> PROBLEM TO SOLVE: Starting at the line that contains "Produktbild La Línea", output each line exactly as written through the end of the listing below, but leave out the pictures.

> RECORDS PROVIDED:
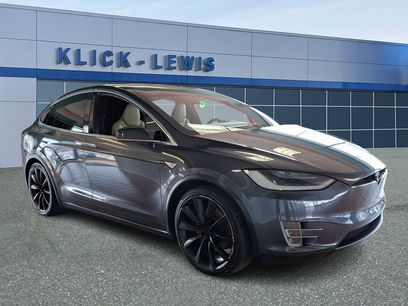 Used 2016 Tesla Model X P90D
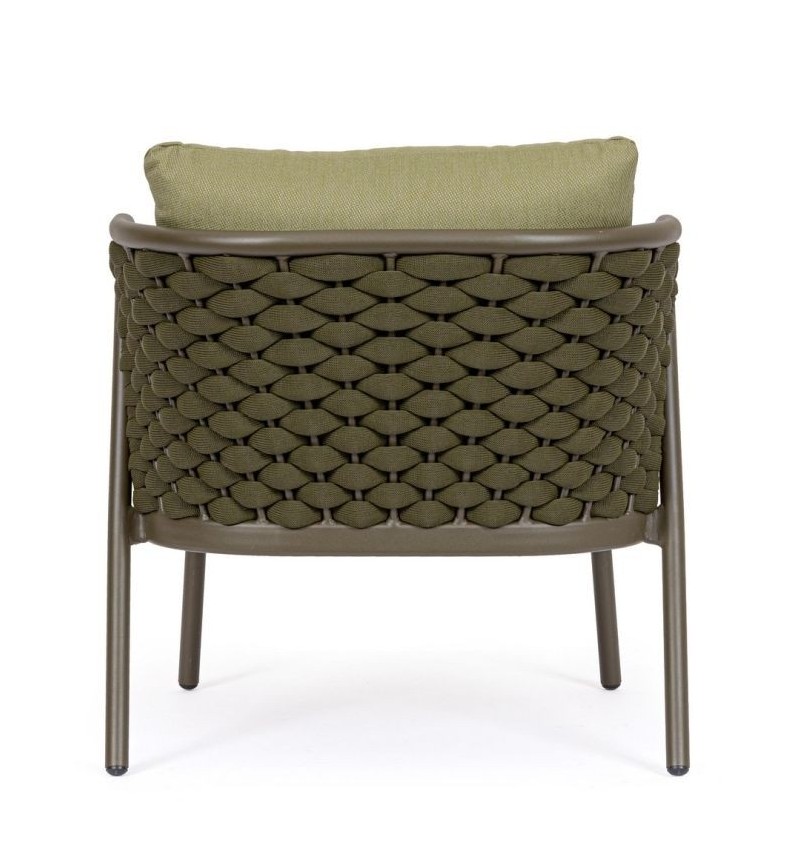 Poltrona HARLOW outdoor BIZZOTTO | BHOME by Arredi Barbàra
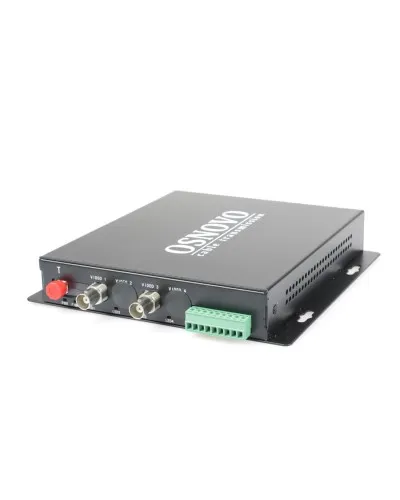 TA-H22-15F. Удлинитель HDCVI, HDTVI, AHD, CVBS, RS485. OSNOVO в Ярославле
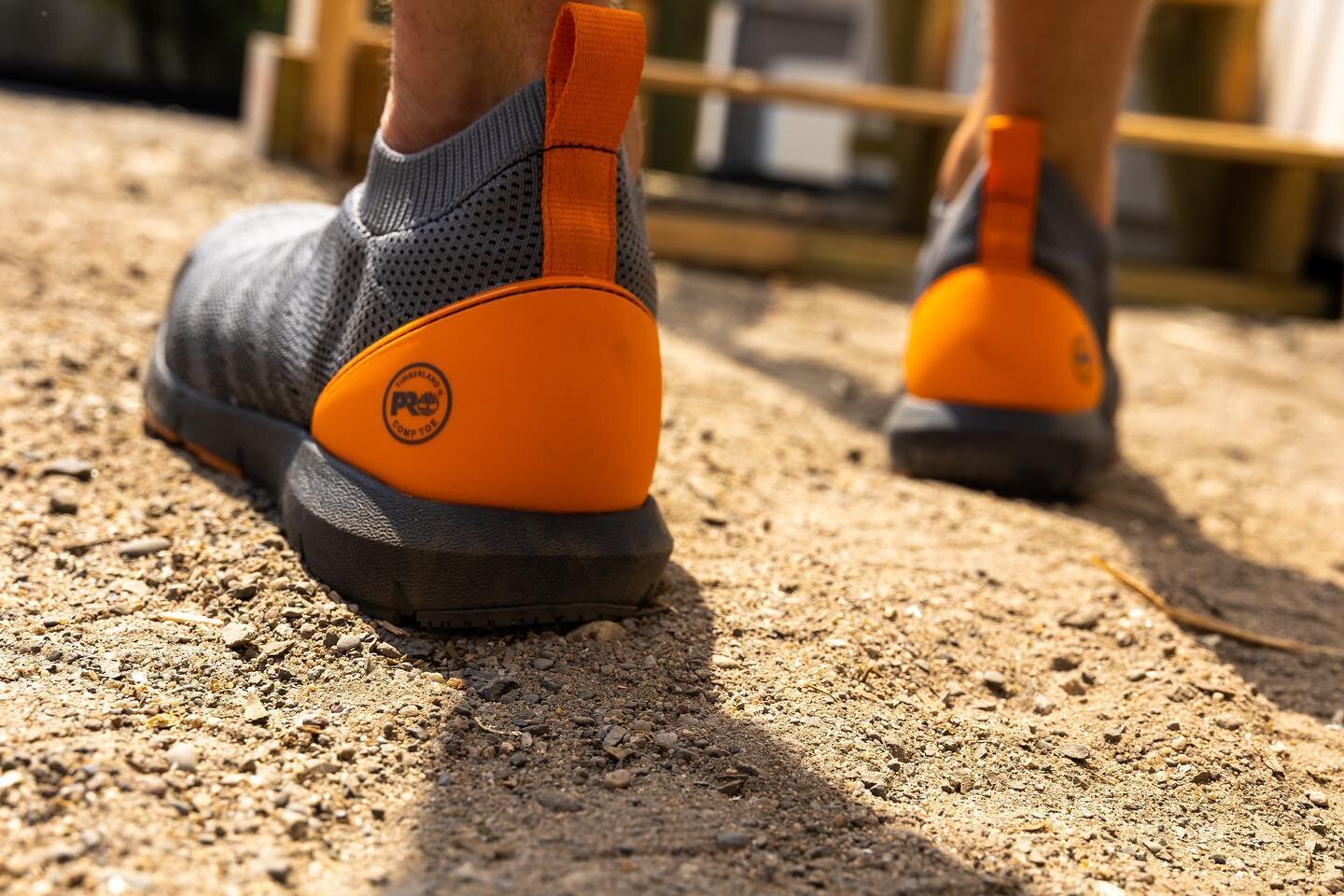 We were pumped to receive the new Radius Knit Slip On's from Timberland Pro! @timberlandpro
-
-
-
They are great in the hot New England weather this summer- and perfect for running around to all the job sites day to day. Interested in checking them o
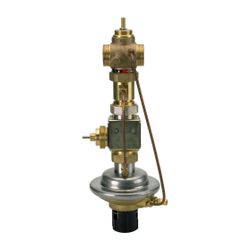 Danfoss Differenzdruck- und Volumenstromregler AVPQT, Kvs 8m3/h, Sollwert 0,0,2/0,2-1... DANFOSS-003H6809 5702421543306 (Abb. 1)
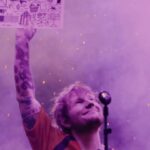 Ed Sheeran Instagram - Denver ! Another magical subtract gig, got to debut some brand new songs. Then playing the big stadium and breaking another attendance record with 85,000 of you in there ! Thanks for much a wonderful weekend, see you next in Seattle. Autumn is imminent x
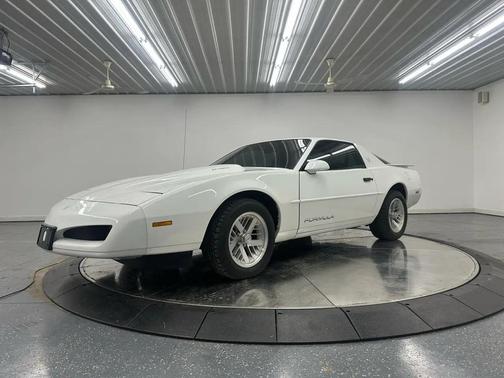 1991 Pontiac Firebird Formula Coupe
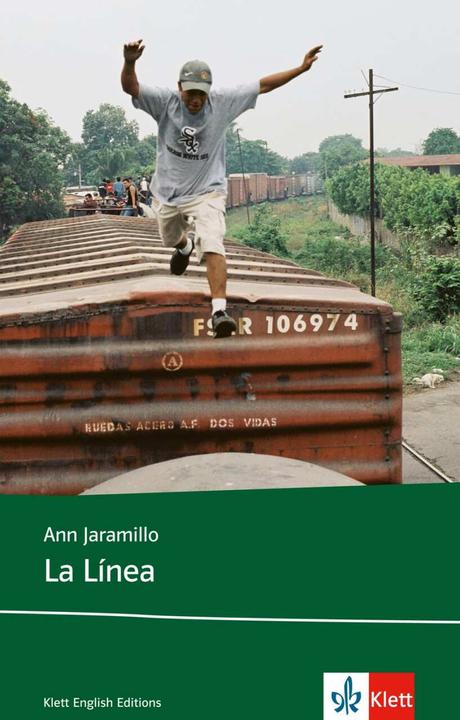 Produktbild La Línea (Englisch, Ann Jaramillo, 2008)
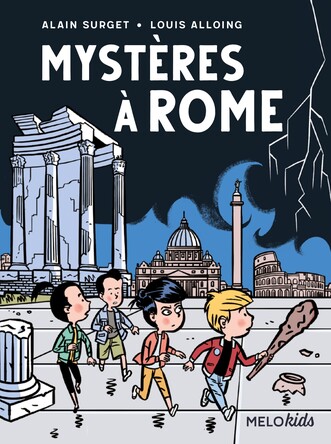 Mystères à Rome Mystères à Rome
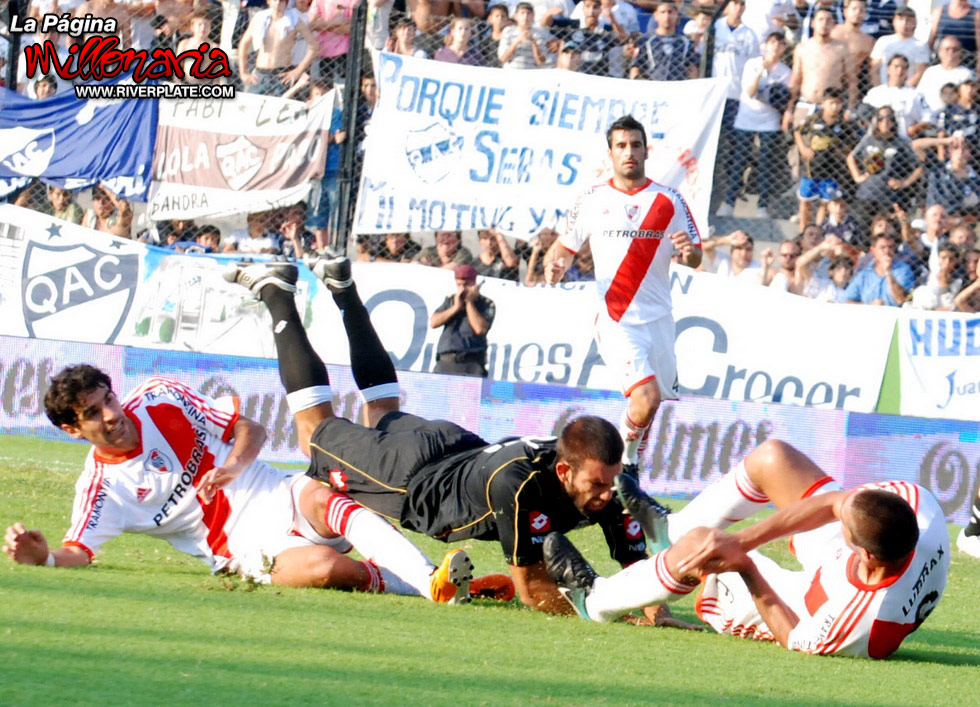 Quilmes vs River Plate 17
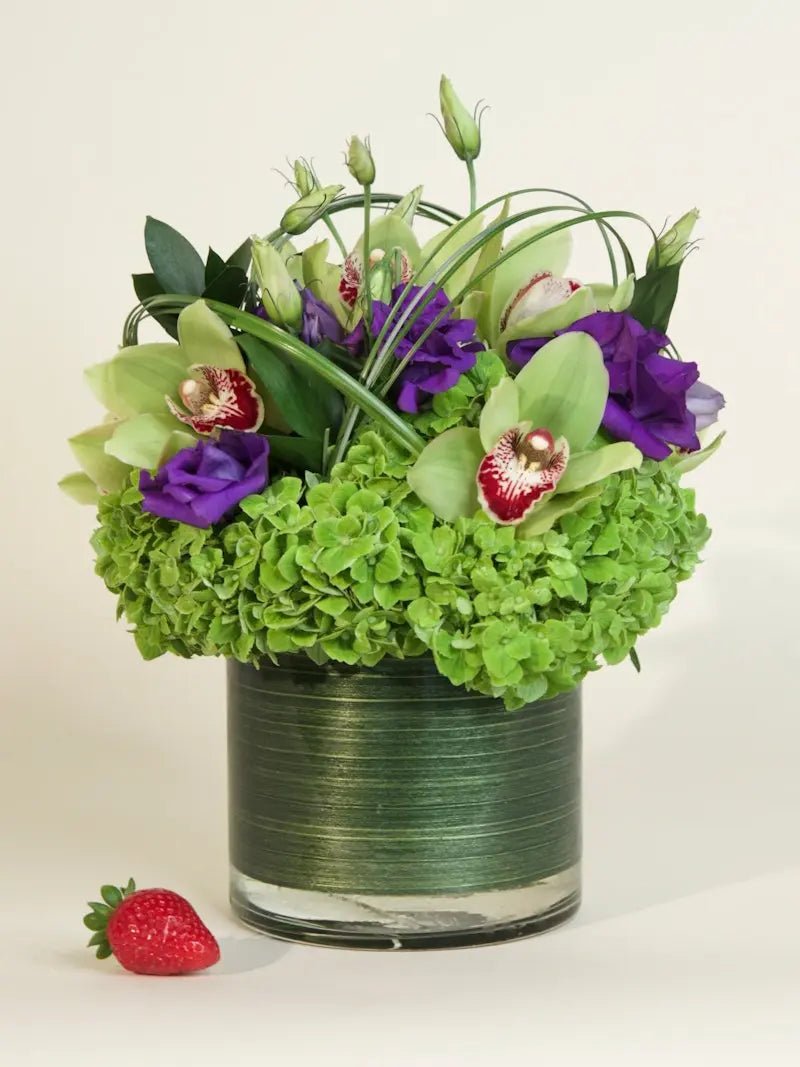 Emerald Cymbidium - Garrett Florist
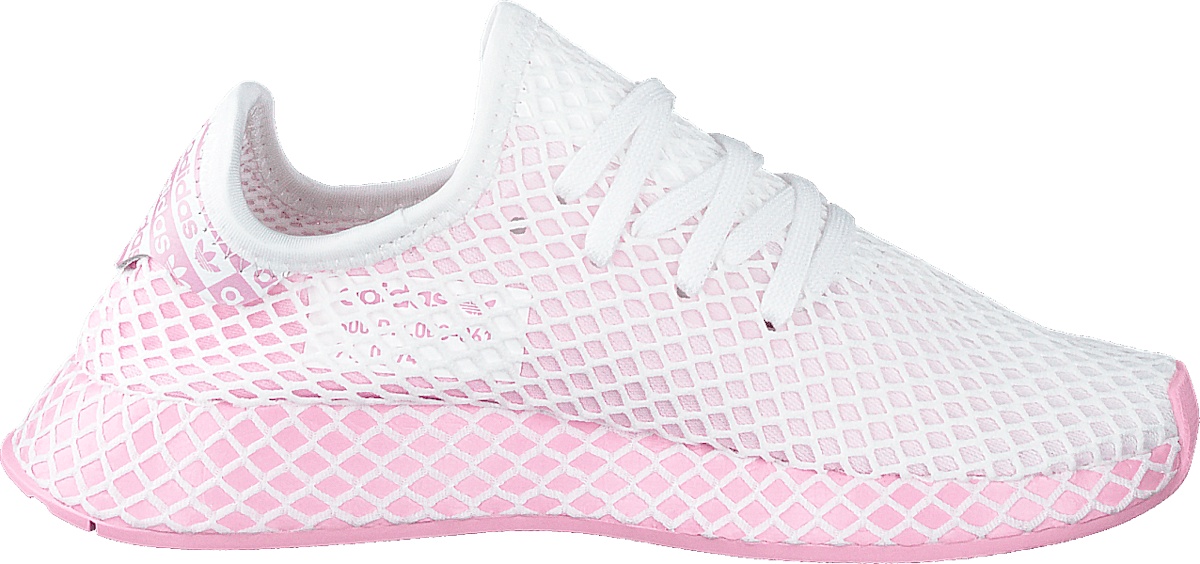 Deerupt Runner W True Pink/true Pink/ftwr White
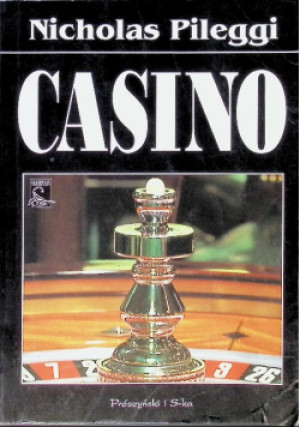 Casino - Nicholas Pileggi - książka  wyd. 1996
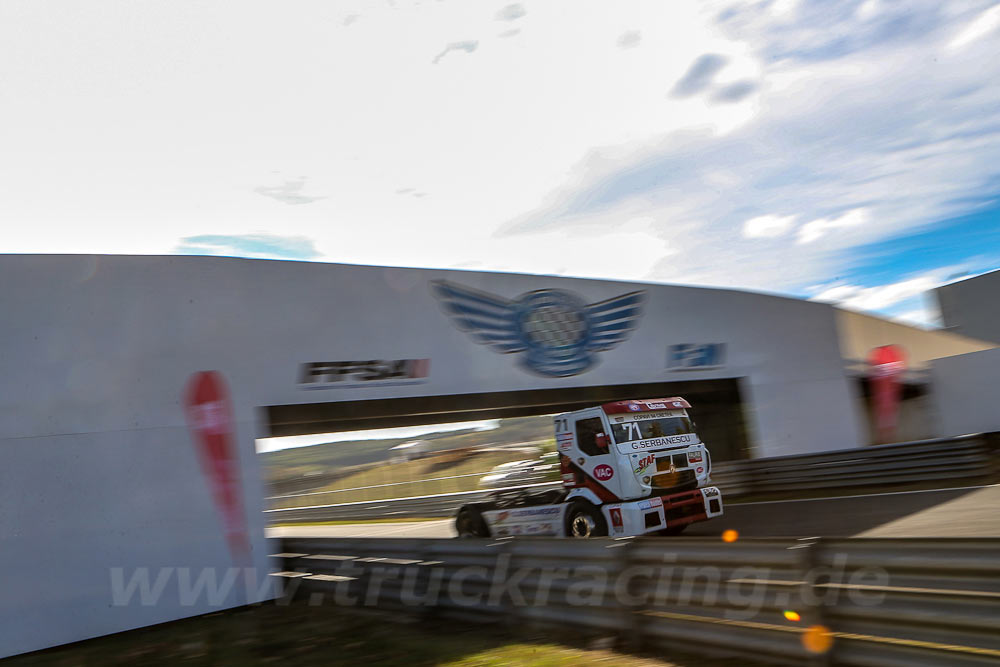 Truck Racing  2018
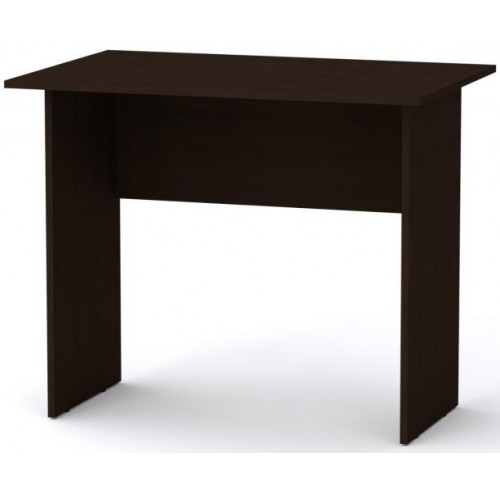 Стіл письмовий МО-3 Компаніт Венге темний (90х60х73, 6 см) Стіл письмовий МО-3 Компаніт Венге темний (90х60х73, 6 см)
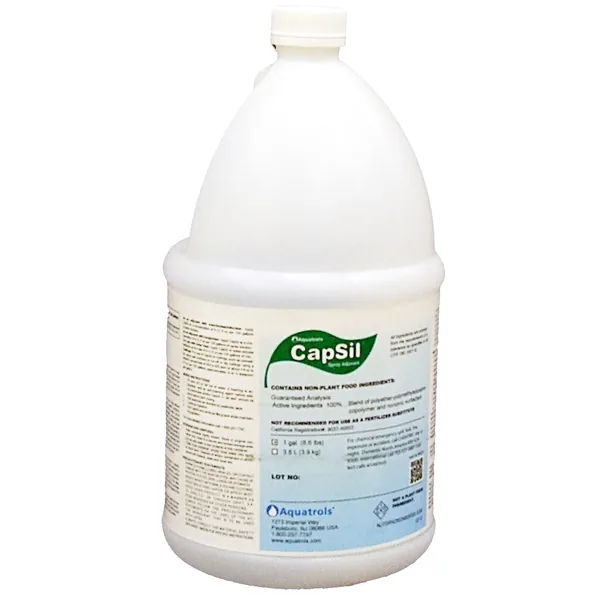 Aquatrols Corp Of America CapSil 1 Gl (Brandt Super Wetter) — Case of 4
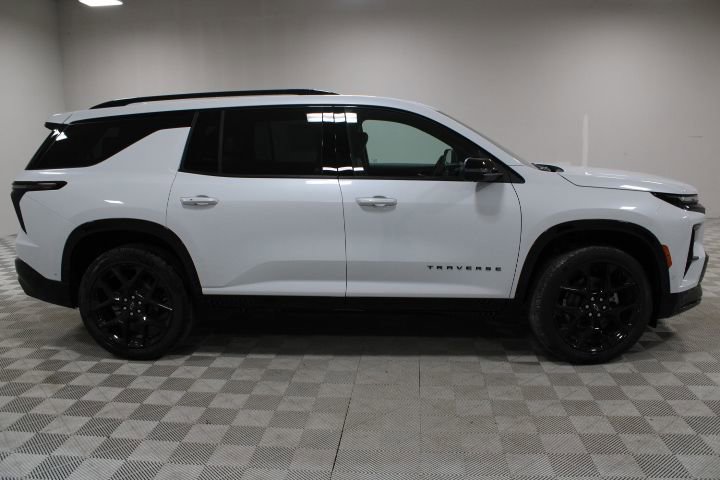 2026 Chevrolet Traverse RS - Photo 11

> OUTPUT:
 Produktbild La Línea (Englisch, Ann Jaramillo, 2008)
 Mystères à Rome Mystères à Rome
 Quilmes vs River Plate 17
 Emerald Cymbidium - Garrett Florist
 Deerupt Runner W True Pink/true Pink/ftwr White
 Casino - Nicholas Pileggi - książka  wyd. 1996
 Truck Racing  2018
 Стіл письмовий МО-3 Компаніт Венге темний (90х60х73, 6 см) Стіл письмовий МО-3 Компаніт Венге темний (90х60х73, 6 см)
 Aquatrols Corp Of America CapSil 1 Gl (Brandt Super Wetter) — Case of 4
 2026 Chevrolet Traverse RS - Photo 11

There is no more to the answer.